Cet homme, qui a traversé de nombreuses générations, est considéré comme un trésor humain vivant, « un baobab et une boussole de nos libertés », surtout à l'endroit d'une jeunesse complètement déboussolée et en quête de repères. L'allégorie du baobab n'est d'ailleurs pas choisie au hasard car Amadou Mahtar Mbow fournit aux jeunes générations « les antioxydants pour préserver la vivacité de leurs esprits » et plonge ses racines profondes dans la terre qui féconde les arts, la culture, l'éducation et les sciences, autant de disciplines qui constituent la charpente de toute société qui se veut pérenne. « A partir des multiples dimensions imaginaires, symboliques et réelles de sa culture, il a développé une pensée esthétique, éthique et pratique », écrivent ses biographes. Lui-même est auteur de nombreux ouvrages parmi lesquels on peut citer « Le continent africain » (1965), « Le monde en devenir : réflexions sur le Nouvel ordre économique international » (1976), « Le temps des peuples » (1982) ainsi que de dizaines d'études et de communications sur les enjeux culturels, économiques, politiques et sociaux qui secouent le monde. Son parcours académique lui a valu d'être fait Docteur honoris causa de nombreuses universités à travers le monde.
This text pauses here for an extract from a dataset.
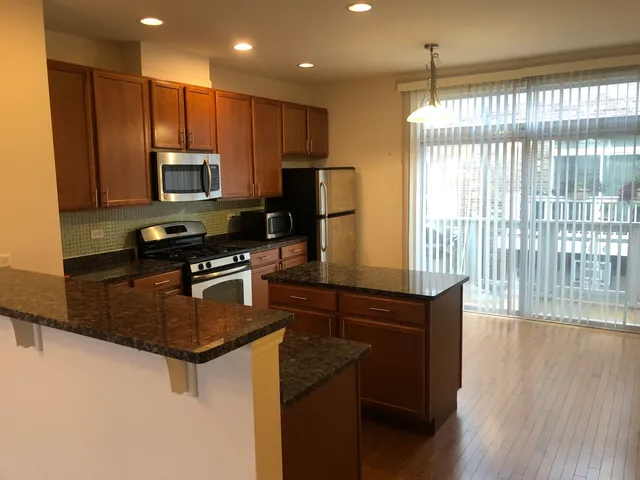 $3,500 | 3710 South Sangamon Street, Chicago, IL 60609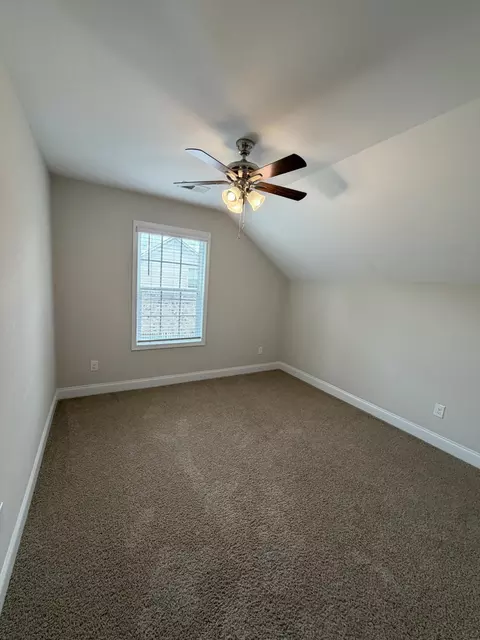 Bedroom - 3004 Daufaskie Rd, Sumter, SC 29150 photo 2 of 4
Lors du point de presse de mercredi dernier, l'historienne Penda Mbow, le banquier Amadou Kane, le professeur Babacar Diop dit Buuba, le général Mamadou Mansour Seck et Fatou Mboup, présidente de la commission Organisation et Communication, ont livré les grandes lignes de la commémoration du centenaire d'Amadou Mahtar Mbow. L'événement commence ce samedi 20 mars à 9h30, au Musée des civilisations noires, par la projection d'un film documentaire sur le parrain, des messages de différents chefs d'Etat et de personnalités parmi lesquelles le président Macky Sall et le vernissage d'une exposition sur la vie et l'œuvre du parrain qui sera reversée aux fonds documentaires de la future Fondation qui portera son nom. Le point culminant sera un colloque regroupant des intellectuels autour des thèmes suivants : « Amadou Mahtar Mbow, une vision dynamique de l'éducation » (Penda Mbow), « Restitution des biens culturels » (Souleymane Bachir Diagne et Hamady Bocoum), « Interrogations sur les cultures africaines » (Mamadou Diouf), « Le visionnaire : histoire et actualité du Nomic » (Edwy Plenel et Doudou Diène), « L'engagement politique et citoyen : Assises nationales et Cnri » (Mamadou Lamine Loum), « Le message pour les jeunes dans la vie et l'œuvre d'Amadou Mahtar Mbow » (Hamidou Anne, Aminata Kane et Alyune Blondin Diop). Au mois d'avril, d'autres événements seront organisés au Musée Théodore Monod de Dakar, puis les régions de l'intérieur du pays prendront le relais et, peut-être, d'autres pays africains qui pourraient être intéressés par la commémoration du centenaire d'Amadou Mahtar Mbow, ce fils dont toute l'Afrique est si fière.